Romans 8 is arguably among the most meaningful chapters in the entire Bible. However, it picks up, carries forward and reflects the ongoing conflict between God and sin. Christ defeated sin at Calvary’s cross. But it’s as if sin didn’t yet get that message. It still wreaks havoc not just in God’s beloved world, but also in God’s adopted children.

“There is,” it’s as if Paul shouts in verse 1, “no [ouden] condemnation [katakrima] for those who are in Christ Jesus.” Those who have received God’s amazing grace with our faith don’t have to fear hearing God solemn, “I never knew you.” The apostle insists people whom God has graciously united to Jesus Christ no longer need to live under what The Message paraphrases as the “continuous, low-lying black cloud” that is the worry that God will eternally reject us.

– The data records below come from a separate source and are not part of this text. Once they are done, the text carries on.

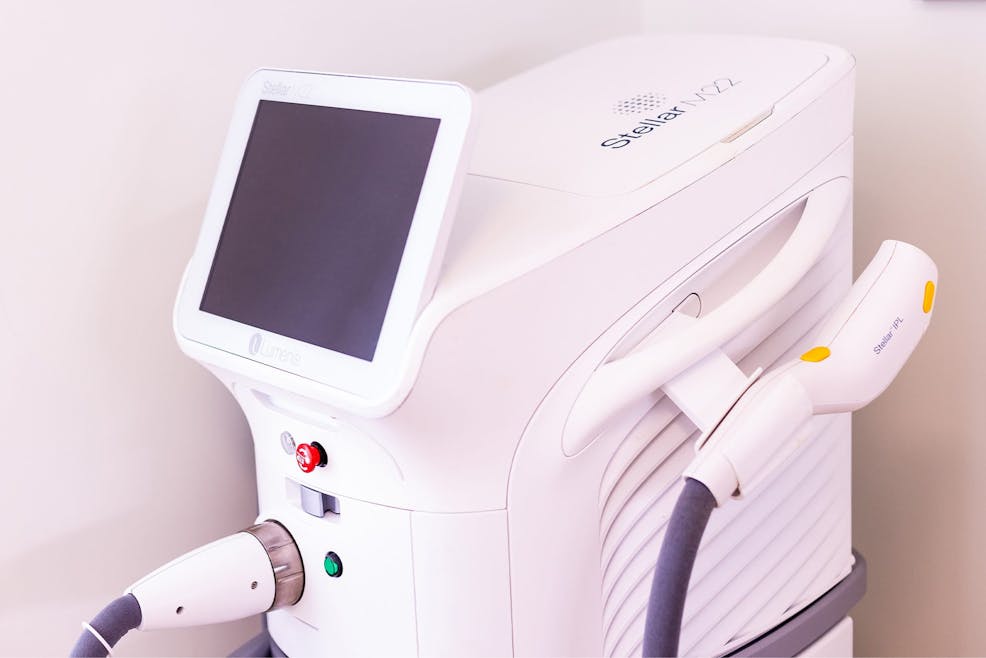 photorejuvenation machine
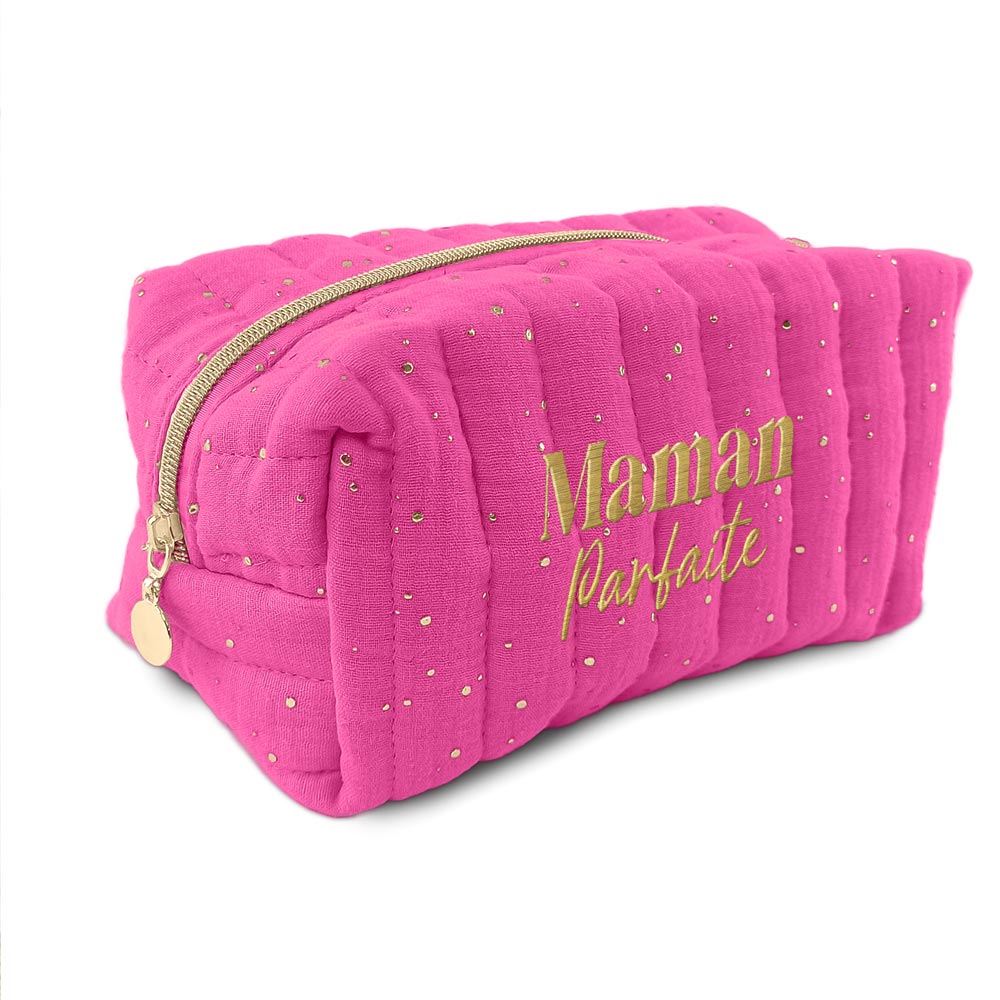 Trousse de toilette maman parfaite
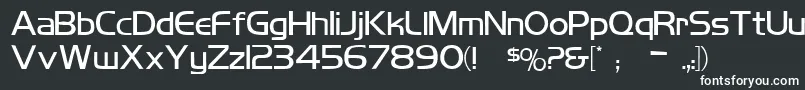 Koshgarianregular Font – White Fonts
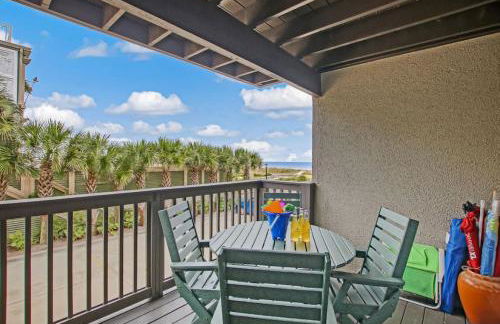Oceanview Sand Dollar Villas Condo - Balcony - Pool - Foto 5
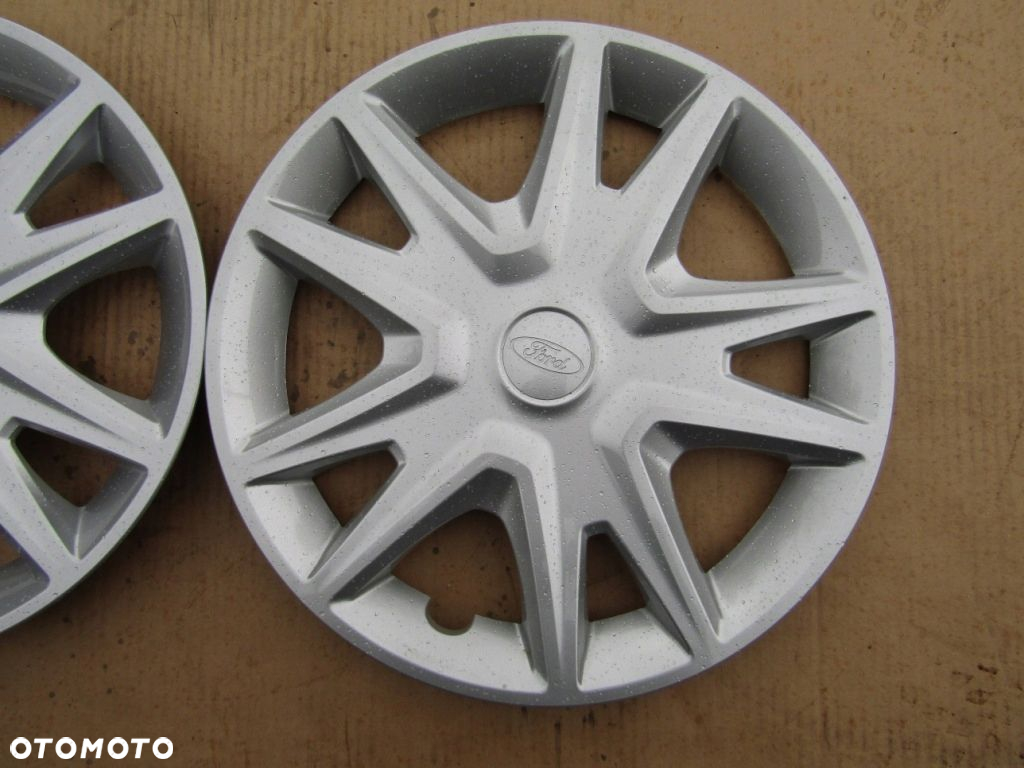 KOŁPAK 15 Ford Fiesta MK7 MK8 B-MAX Ecosport NOWE - 4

After all, “through Christ the law [nomos] of the Spirit who gives life [zoes] has set [us] free [eleutherosen] from the law of sin [hamartias] and death [thanatou]” (2). While the Scriptures employ the term nomos (“law”) in a number of ways, here the apostle seems to use it as a word for power. So as the New Living Translation of the Bible (NLT) paraphrases verse 2, Paul insists, “the power of the life-giving Spirit has freed you from the power of sin that leads to death.”

But, of course, sin still “flexes its muscles,” even in Christians’ lives. In this Sunday’s Epistolary Lesson Paul repeatedly refers to that persistence by referring to, among other things, “the flesh” [tes sarkos]. While the Greek word can be used to describe human or animal flesh, the apostle appears to have something slightly different in mind here. The NLT and Message both paraphrase sarkos as “the sinful nature.” So “the flesh” seems to reflect human’s natural slavery to sin, Satan and death.

In verse 4 Paul grieves how God’s image bearers naturally “live according to the flesh [kata sarka].” Without the redeeming work of Christ and transforming work of the Spirit humans let sin, Satan and death control our lives.

In fact, the apostle goes on to imply, sometimes even Jesus’ own friends, in the words of verse 5, “live according to the flesh [and] have their minds [phronousin] set on what the flesh desires.” We voluntarily trade in God’s loving supervision of our lives for sin and Satan’s despotic control over them.

Those who choose to remain enslaved to that deadly slavery are “hostile [echthra] to God, [they] don’t submit [ouch hypostassetai] to God’s law, nor can [dynatai] [they] do so” (7). According to verse 8, by nature those whom God creates in God’s image quite simply “cannot please [aresai ou] God.”

In fact, Paul insists “the mind governed by the flesh [tes sarkos] is death [thanatos]” (6). In other words, giving free reign to our sinful human nature doesn’t just lead to spiritual death. It is death itself. Those who let sin and Satan control our lives are like walking dead people. Our hearts may still beat, and our brains may still function. But we are naturally already dead in the most important ways.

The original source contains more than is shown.